This is the mail archive of the
mailing list for the glibc project.
Re: [PATCH v2] Improve performance of strstr
On Mon, Apr 15, 2019 at 04:15:02PM -0400, Zack Weinberg wrote:
> On Mon, Apr 15, 2019 at 2:02 PM Wilco Dijkstra <Wilco.Dijkstra@arm.com> wrote:
> > Hi Rich,
> > >> Yes, without a reproducible example I can't see what your issue is. You
> > >> can't make it go quadratic because it simply isn't.
> > >
> > > Obviously it's not unbounded because you have a (very large) bound on
> > > the size, 256. I can make it do a 256-byte strcmp for nearly every
> > > byte of the input haystack. Maybe because of vectorization on some
> > > targets that's only 16x slower than the current code rather than 256x
> > > slower, but it's still a lot slower.
> > No you can't. It's impossible to make it do a full 256 byte memcmp every
> > character. And bad cases are not bad because of the time spent comparing
> > strings - they are bad because of mispredicted branches. So it's not possible
> > to compare bad cases without benchmarking actual examples on modern
> > CPUs.
> This discussion has been going in circles for quite some time now.

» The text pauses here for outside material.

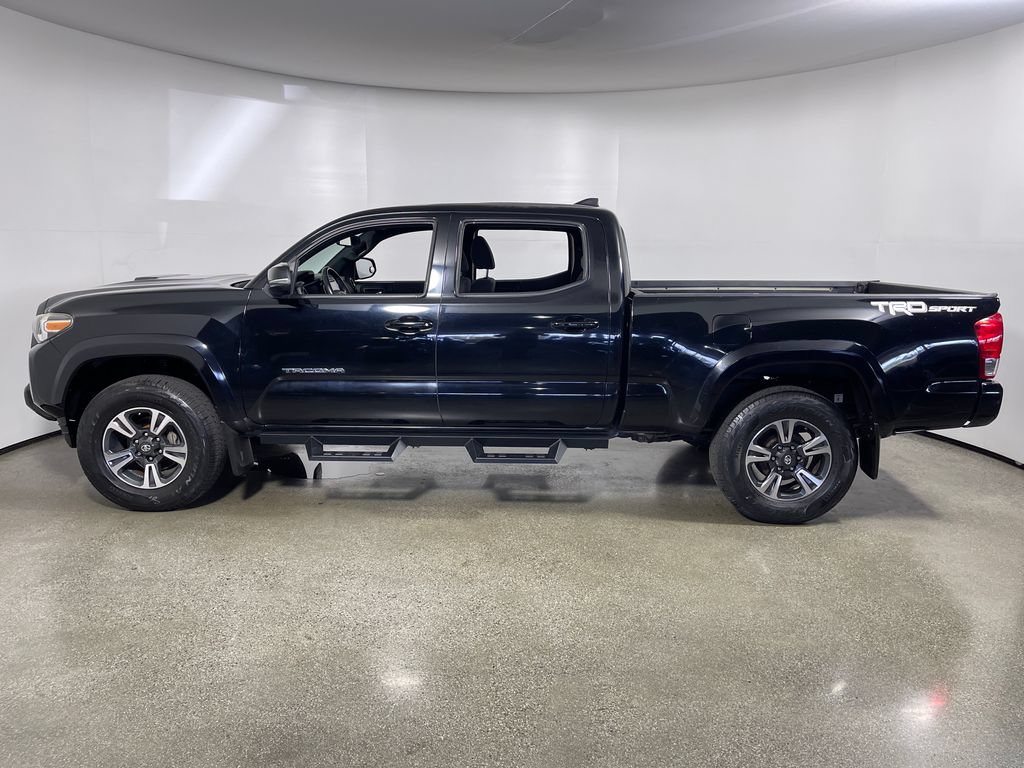 Used 2018 Toyota Tacoma TRD Sport RWD image 16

> Wilco, Rich, I think it would help a lot if you could BOTH write down
> some example needle and haystack pairs that you believe will
> demonstrate significantly improved performance with your preferred
> algorithm, and/or pathologically slow performance with your
> dispreferred algorithm. Even without specific numbers, that will give
> everyone something concrete to argue over, at least.
That would be easier if he didn't keep adding random heuristic
mitigations to hide the worst cases. Writing up the specific worst
case now requires reverse engineering the hash function for collisions
and figuring out the sliding offset that gets checked first.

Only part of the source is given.